Leslie Citrome, MD, MPH
Adjuvant Aspirin Therapy Reduces Symptoms of Schizophrenia Spectrum Disorders: Results From a Randomized, Double-Blind, Placebo-Controlled Trial
Laan W, Grobbee DE, Selten JP, et al.
J Clin Psychiatry. 2010;71:520- 527
This randomized, double-blind, placebo-controlled study enrolled 70 inpatients and outpatients from 10 psychiatric hospitals in the Netherlands with schizophrenia, schizoaffective disorder, or schizophreniform disorder (per Diagnostic and Statistical Manual of Mental Disorders, fourth edition). Exclusion criteria included illness duration longer than 5 years. Patients were randomly assigned to adjuvant treatment with aspirin, 1000 mg/d, or placebo for 3 months. Seventy percent of all patients received olanzapine, clozapine, or risperidone as their antipsychotic agent. For gastric protection, all patients received pantoprazole, 40 mg/d. Change in total Positive and Negative Syndrome Scale (PANSS) score from baseline to follow-up was the primary outcome. Baseline PANSS total and PANSS positive subscale scores were 73.1 and 17.6 for placebo and 71.1 and 16.5 for adjunctive aspirin, respectively. Observed were a 4.86-point (95% confidence interval [CI], 0.91-8.80 points) and 1.57-point (95% CI, 0.06-3.07 points) larger decrease in the aspirin group compared with the placebo group on the total and positive PANSS score, respectively. Treatment efficacy on total PANSS score was substantially greater in patients with the more altered immune function (P = .018). Aspirin did not significantly affect cognitive function. No substantial side effects were recorded.

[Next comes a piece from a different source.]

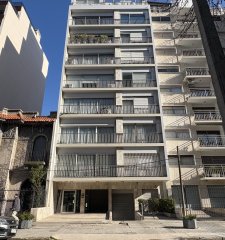 Venta Luminoso Apartamento 4 dormitorios 3 baños en Punta Carretas, Montevideo.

The authors state that inflammatory processes may play a role in the pathophysiology of schizophrenia and that prior work with adjunctive celecoxib demonstrated promise. However, celecoxib and other cyclooxygenase- 2 inhibitors have been associated with elevated cardiovascular risk and so are not optimal for use in patients with schizophrenia. Adjunctive aspirin is proposed as being more benign, with the added benefit of possessing cardioprotective effects. The authors suggest that aspirin may also reduce symptoms through other mechanisms, such as by antagonizing dysfunction of the N-methyl d-aspartate receptor, an area of active research for other adjunctive agents such as glycine, serine, and glycine transport inhibitors.
The authors report a mean modest reduction of the PANSS total score. However, "means can be meaningless"; unanswered are the number of patients who had a robust response, as represented by a large decrease in PANSS scores. Such categorical outcomes are important in understanding the potential clinical relevance of the findings presented in the paper. Effect size, as measured by the Cohen d for the total PANSS score, was approximately 0.5; although this is considered a medium effect, it does not answer the question of how many patients one must treat with adjunctive aspirin vs placebo before encountering one additional robust responder. Another caveat is that generalizability is limited to patients who are early in their disease course.